10. Thereafter M/s. Al Karma moved an application under Sections 14 and 17 of the Arbitration Act, 1940 to have the award made a rule of the Court. Accordingly the award was filed in Court; and the Delhi Development Authority filed its objections. They contended, inter alia, that the Arbitrator had misconducted himself and the proceedings and acted in excess of jurisdiction and committed errors apparent on the face of the award; also that the award was not a reasoned award and/or that the reasons were vague, and was in any case contrary to Clause 12(v) of the agreement and based on no evidence. The objections related to claim Nos. 1 (c), 1(a), 5, 6, 10, 11(a), 11(b), 11(c), 11(d) and 14. The award with respect to other claims was not challenged.
11. The learned Single Judge on the agreement of parties modified the award with regard to claim No. 1 (c) and 11 (a) and these are not the subject matter of the appeal. Further claims No. 14 which pertained to interest till the date of the decree or payment whichever is earlier was not pressed. This was in view of the fact that the words "whichever is earlier" did not require any interest to be given after the date of the decree.
12. With regard to the remaining claims l(a), 5, 6, 10 and 11(b), (c), (d) the repetitive refrain of Dr. Singhvi, learned Counsel for the appellant was that the reasons indicated were no reasons in law and were based on no evidence and were not reasonable.
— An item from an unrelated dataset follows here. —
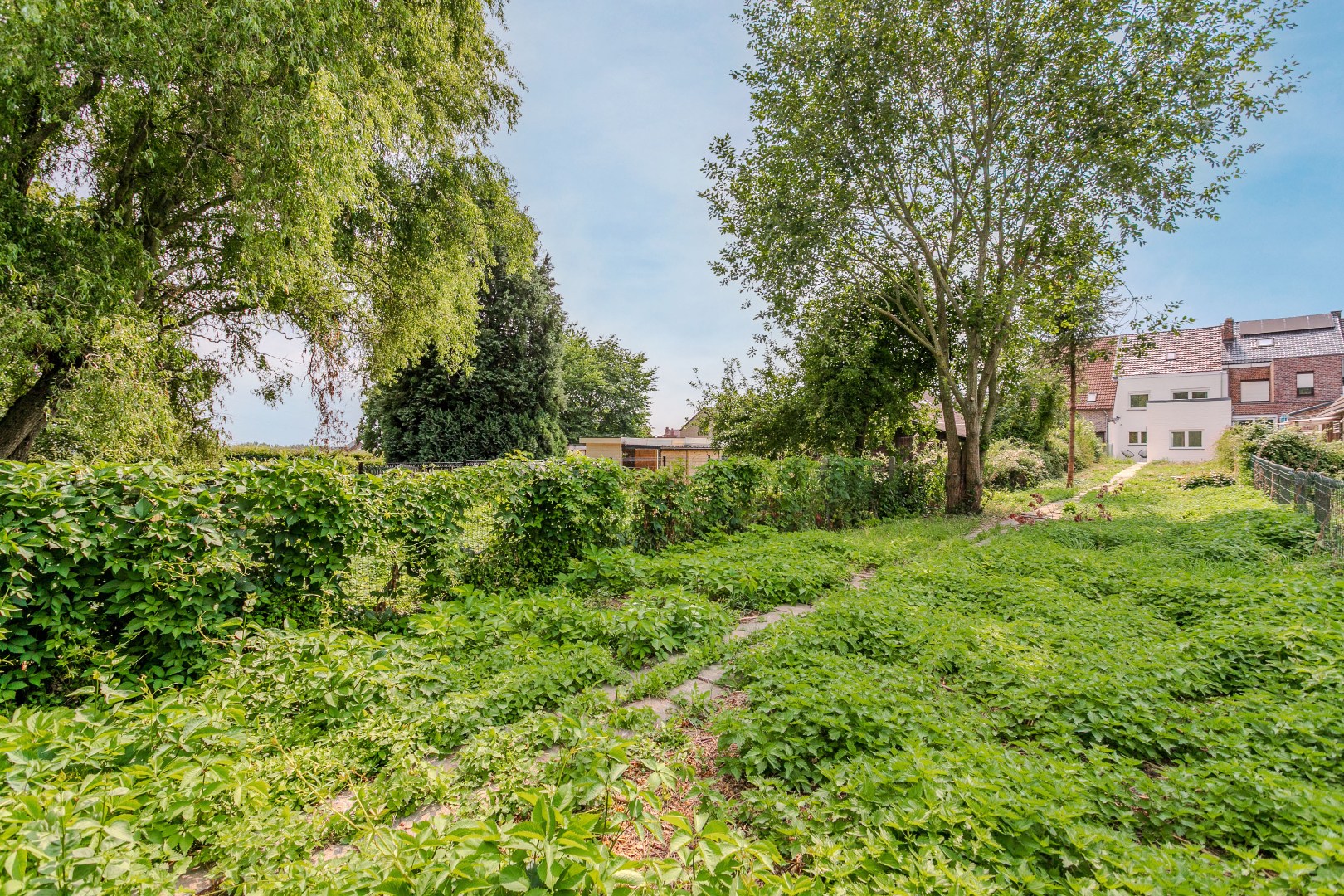 Gerenoveerde woning (EPC B) met 3 slpks (5 mogelijk) garage en tuin in een rustige straat te Lembeek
13. That it is mandatory for the Arbitrator to give reasons for the award as the claim in dispute is for more than Rs. 50,000 is not disputed. The fact that the Arbitrator indicated his reasons is apparent from the award. As such, the main point in issue is the extent and scope of examination by the Court of the reasons given by the Arbitrator. Is the Court to go into "the reasonableness of the reasons", combing through them and examining them meticulously, as Counsel for the appellant would like us to do Or is it to limit itself to see whether there is an error of law apparent on the face of the award and/or misconduct by the Arbitrator
14. Most of the principles pertaining to arbitration are well settled. There is a decisive difference between a non-speaking and a speaking/reasoned award. The former cannot be vitiated on the ground that no reasons are recorded, whereas, in the latter the reasons indicated can be examined to find out if they are contrary to law. [Bungo Steel Furniture (Pvt.) Ltd. v. Union of India, AIR 1967 SC 378 [LQ/SC/1966/220] and N. Chellappan v. Secretary, Kerala State Electricity Board and another, AIR 1975 SC 230 [LQ/SC/1974/381] ].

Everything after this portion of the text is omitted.